Records contained in a dataset >>
- Opening Delimiter -

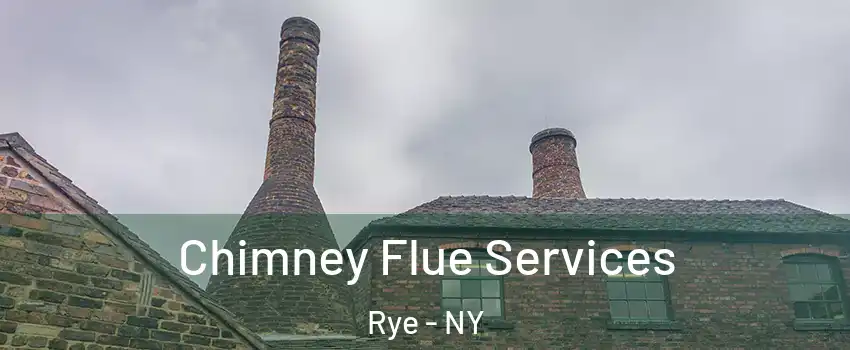  Chimney Flue Services Rye - NY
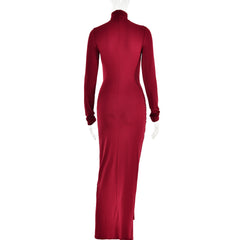 Dana Turtleneck Long Sleeve Maxi Dress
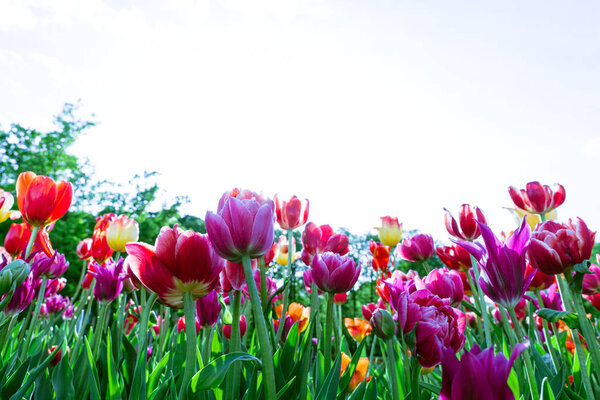 Red, yellow and pink tulips aganst isolated sky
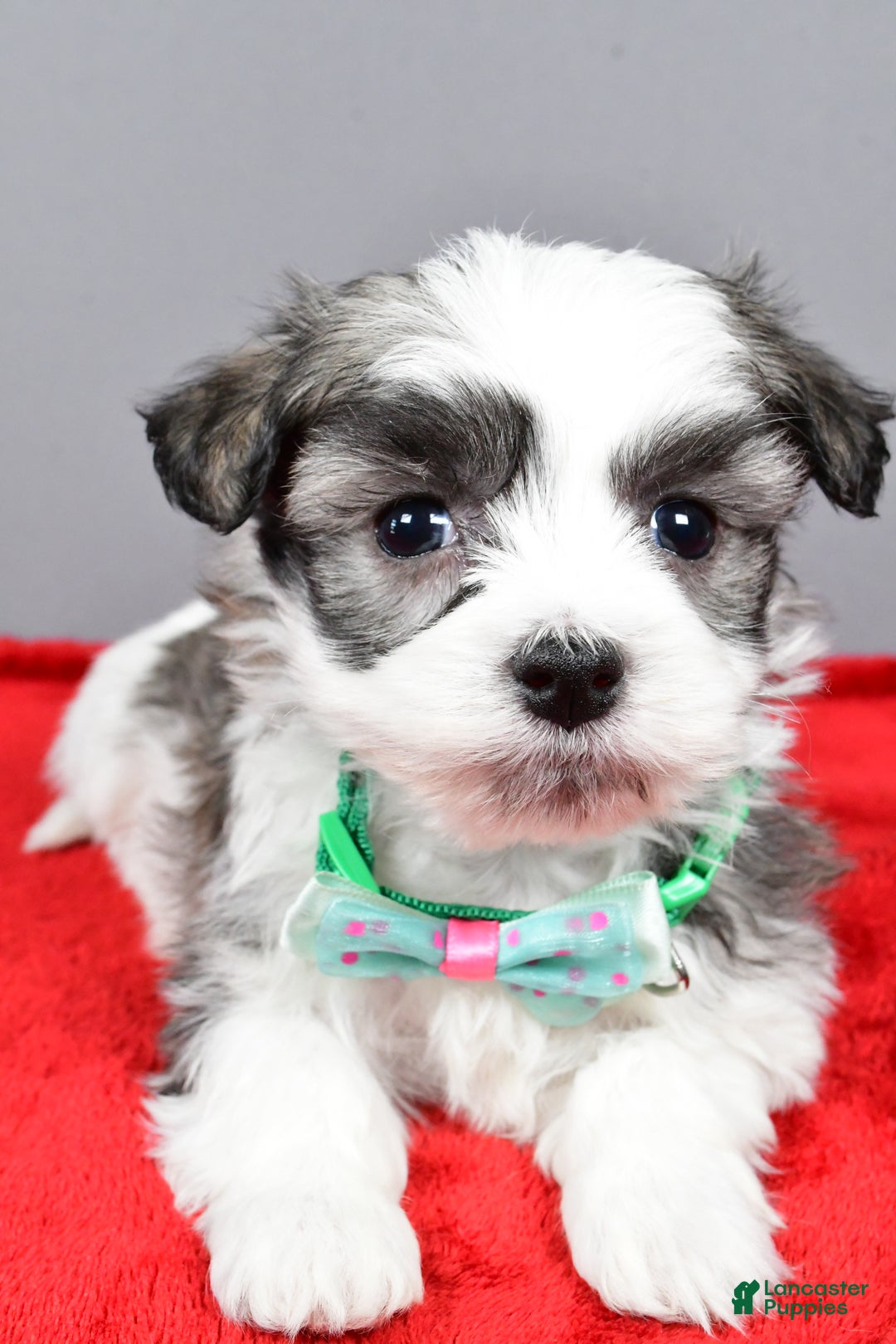 Havanese dogs for sale: Daryl - Ad 4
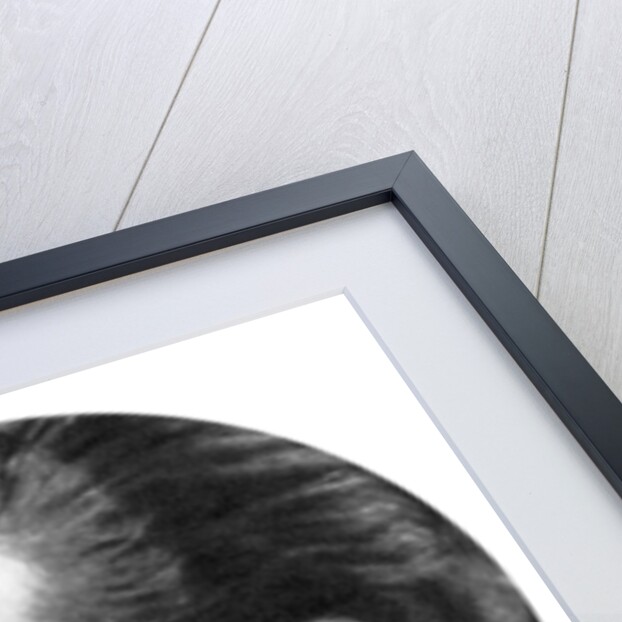 Nils Asther, Danish-born Swedish stage and film actor by Anonymous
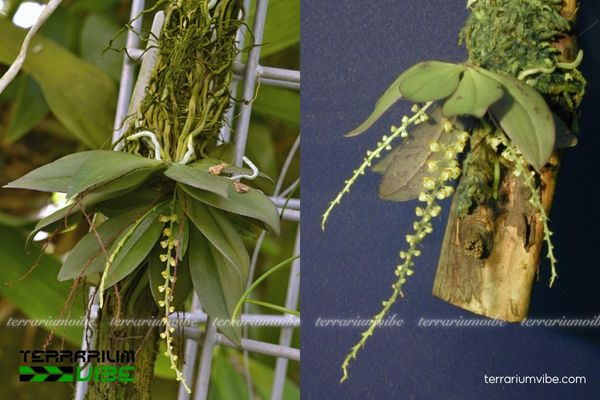 Robiquetia Minimiflora 3 Abdominea Minimiflora thích nghi linh hoạt trong đa dạng tiểu cảnh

- Closing Delimiter -

REQUIRED WORK >> Give back each entry exactly as it appears. Leave pictures out.

RESULT BELOW >>
  Chimney Flue Services Rye - NY
 Dana Turtleneck Long Sleeve Maxi Dress
 Red, yellow and pink tulips aganst isolated sky
 Havanese dogs for sale: Daryl - Ad 4
 Nils Asther, Danish-born Swedish stage and film actor by Anonymous
 Robiquetia Minimiflora 3 Abdominea Minimiflora thích nghi linh hoạt trong đa dạng tiểu cảnh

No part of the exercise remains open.